Please reproduce the entries below exactly from the line with "Ethospace 10x10 quarter glass 86in tall" through their last line, leaving out any pictures.

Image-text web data
"""

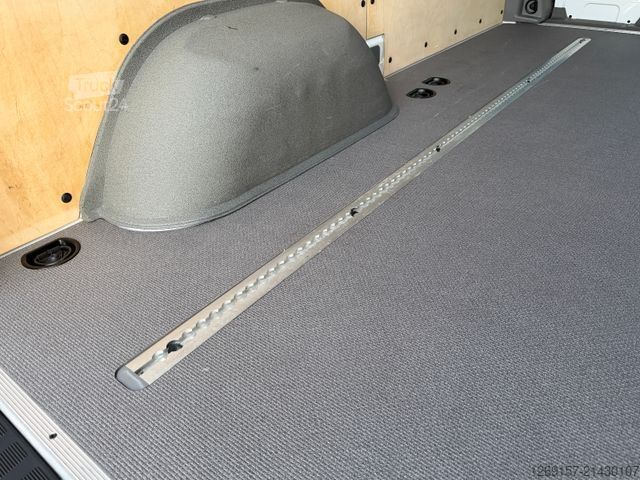 Фургон-панель MERCEDES-BENZ Sprinter 319CDI V6 Kasten L1H1 Autom Navi Standh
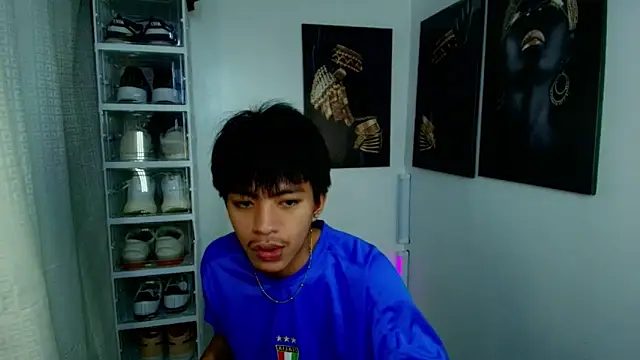 Snapshot of jayxxxlovescock chatting on 10.10.25 jayxxxlovescock online show from 10.10.25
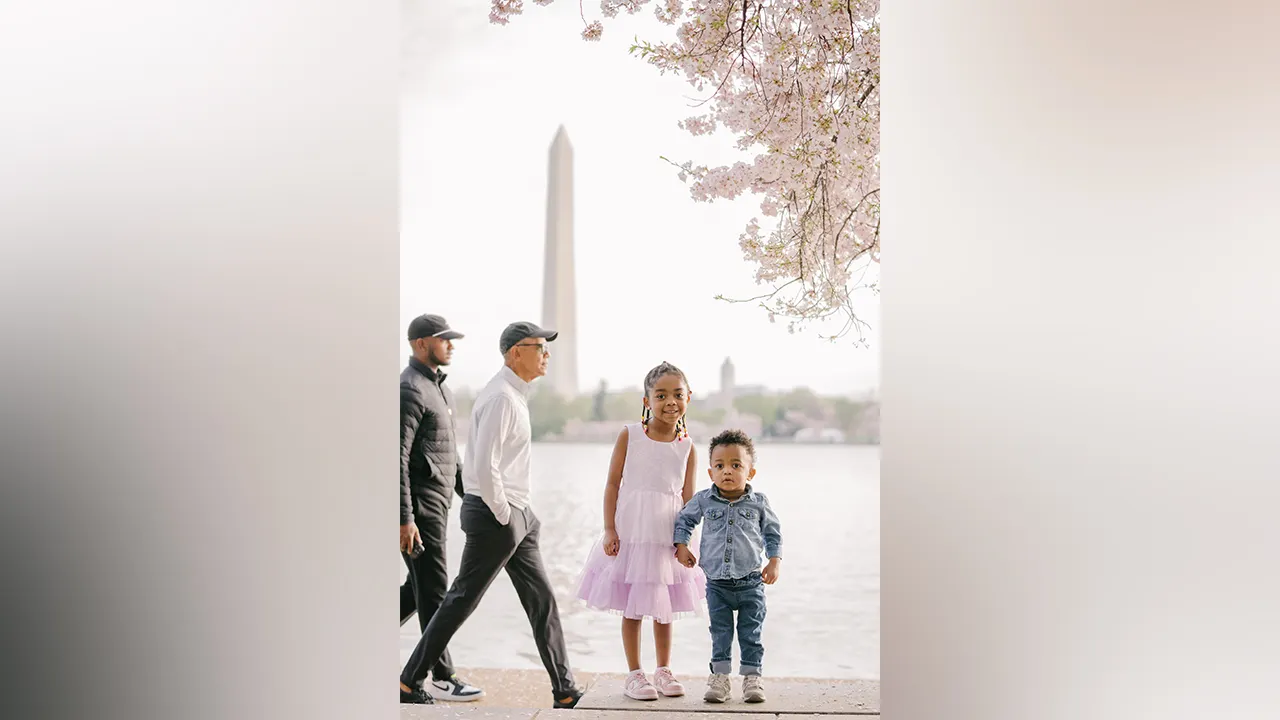 Obama accidentally photobombs kids’ picture in DC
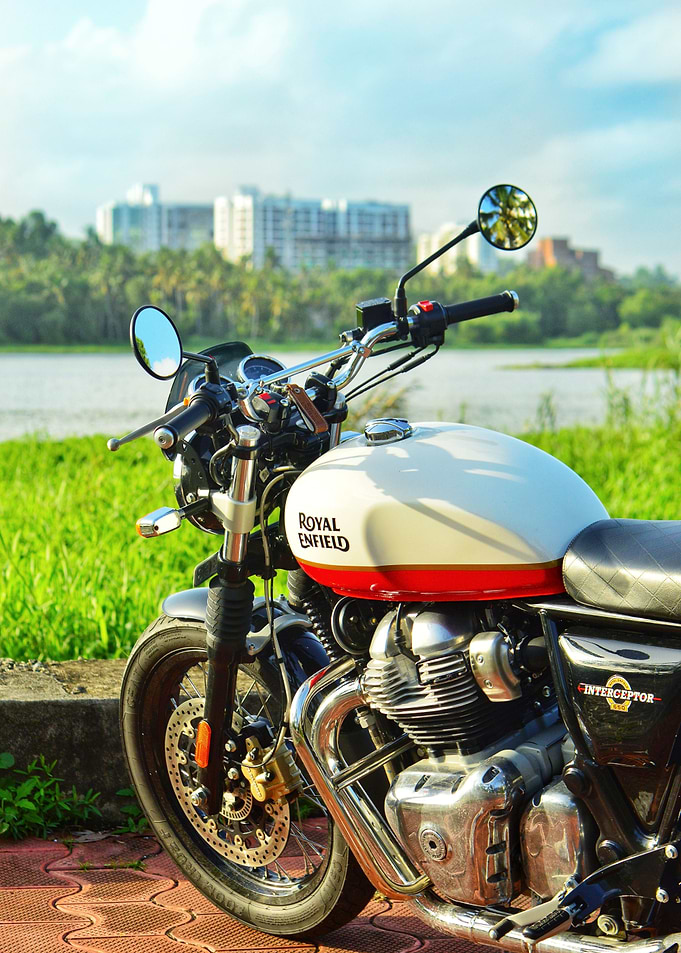 Cafe Racer Bike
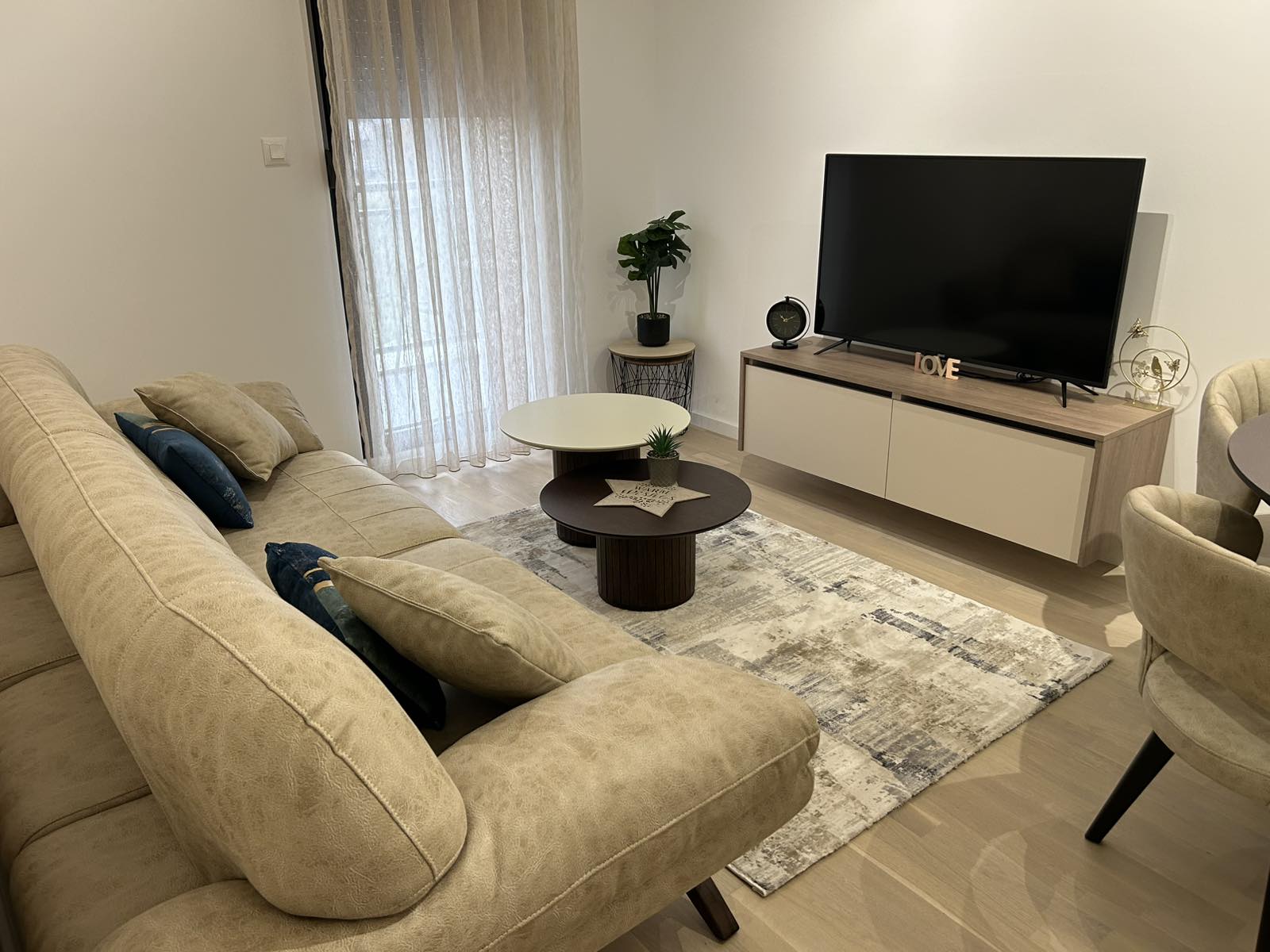 Rent - Apartment Podgorica, Tološi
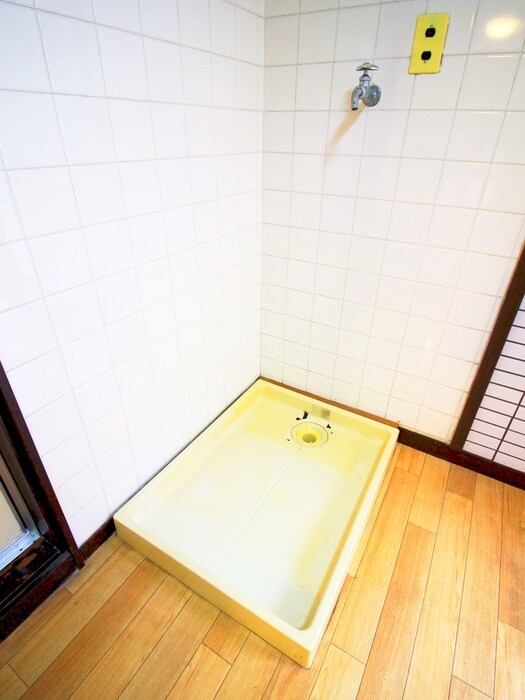 物件内観写真17　(洗濯機置場)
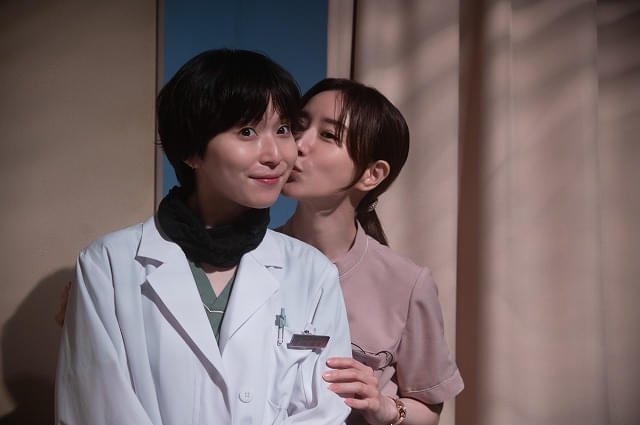 a5m1sn's tweet photo. 本当に止まることを知らない松岡茉優と田中みな実。
（訳:いい加減に） https://t.co/1euC7jAyVF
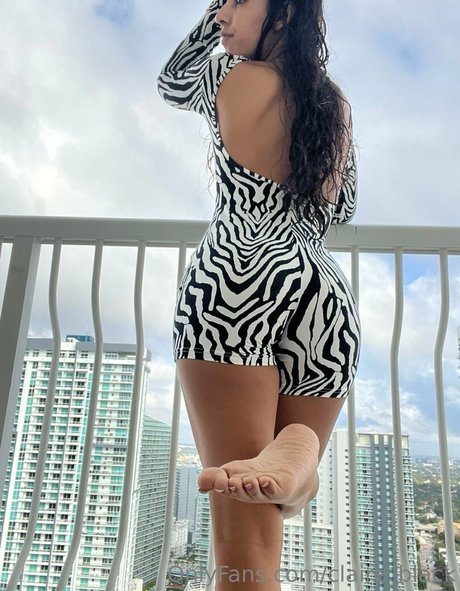 Claire_black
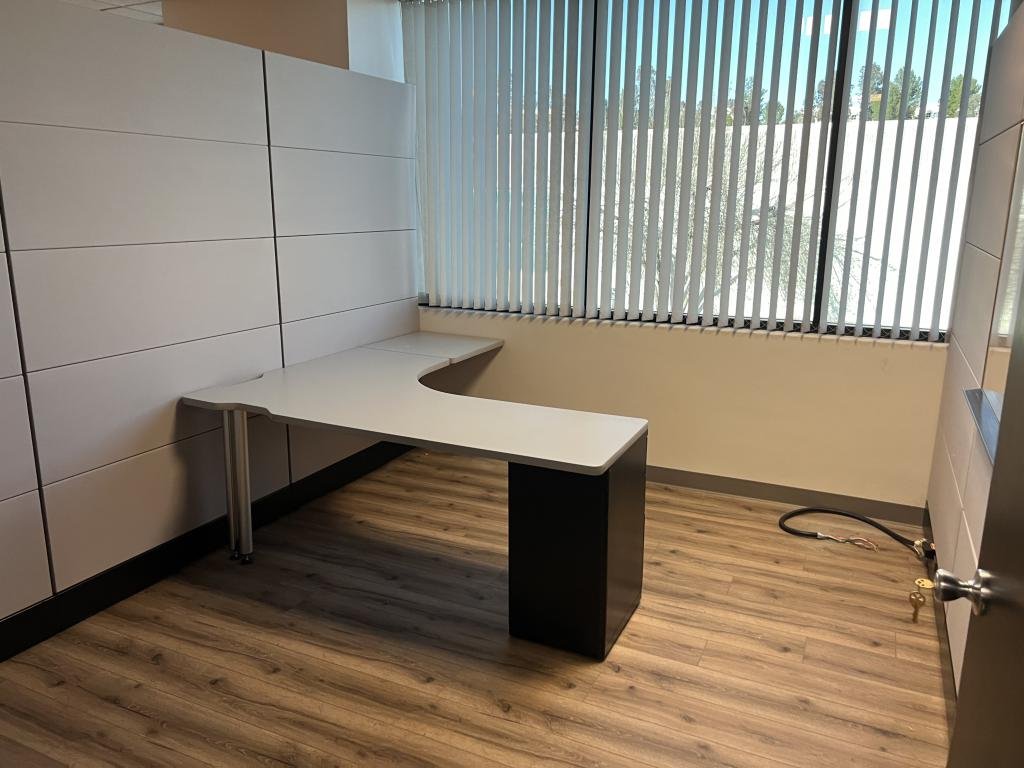 Ethospace 10x10 quarter glass 86in tall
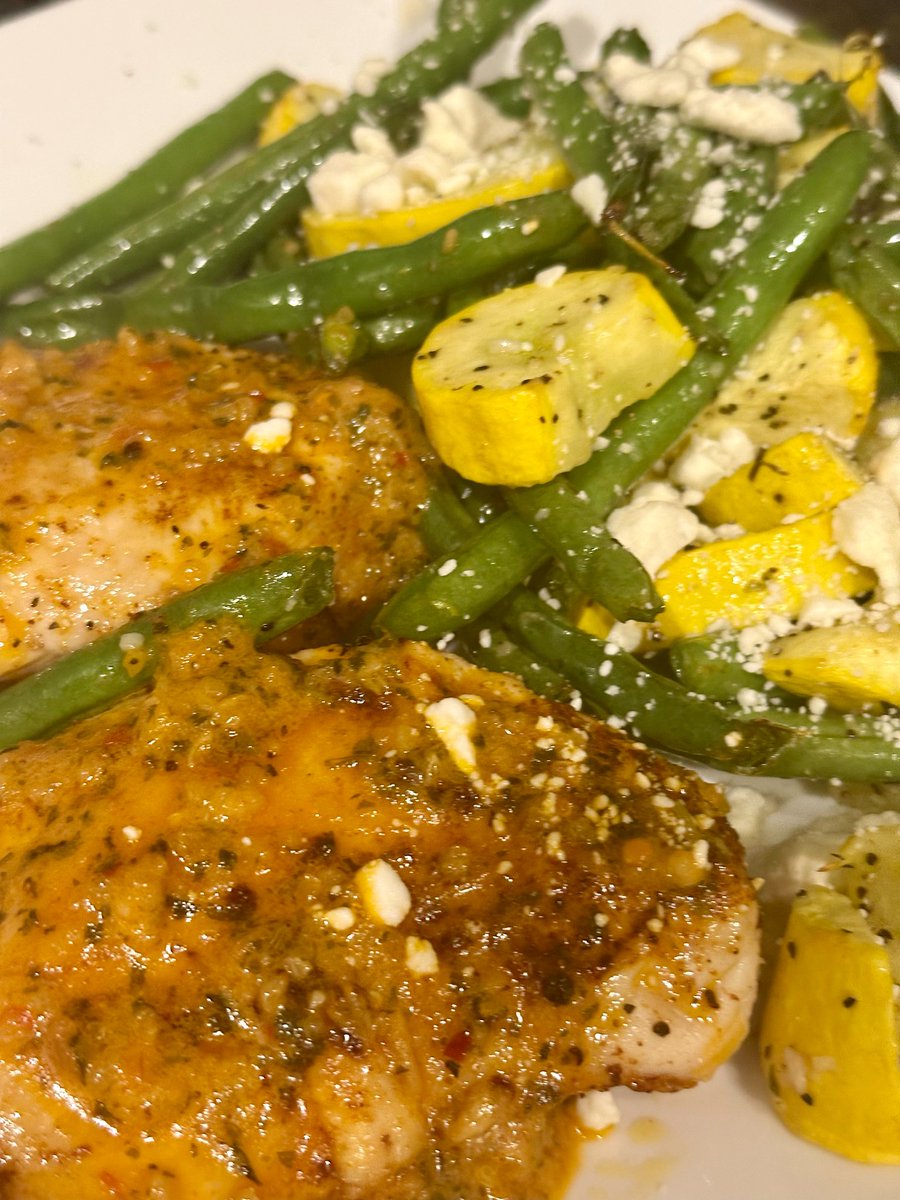 Proud of myself for cooking even though it's an empty nest now. Sicilian Chicken and vegetables. #dinnerideas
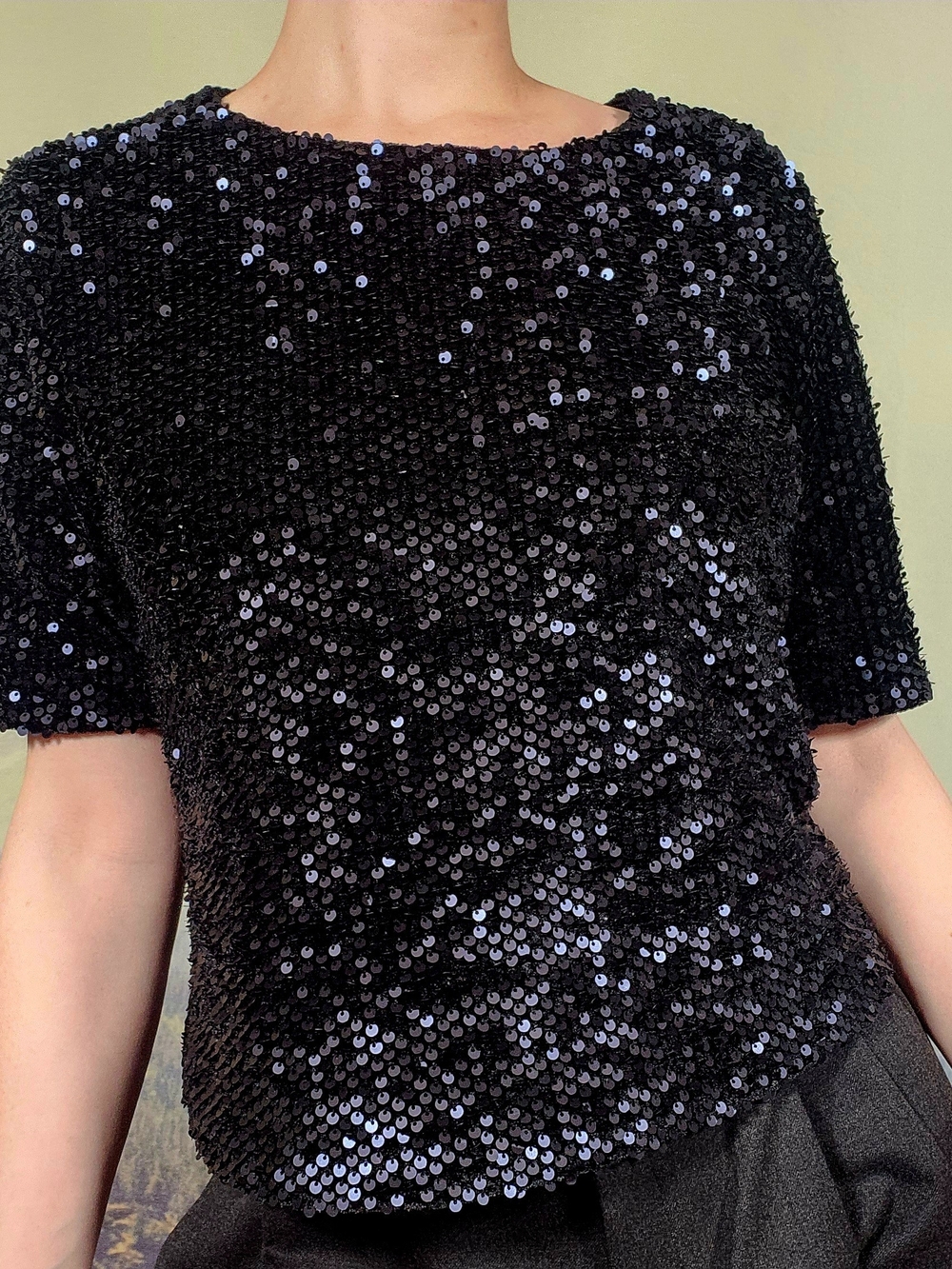 Ann Taylor Black Sequin Short Sleeve Top Medium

"""

* [ANSWER SECTION]
 Ethospace 10x10 quarter glass 86in tall
 Proud of myself for cooking even though it's an empty nest now. Sicilian Chicken and vegetables. #dinnerideas
 Ann Taylor Black Sequin Short Sleeve Top Medium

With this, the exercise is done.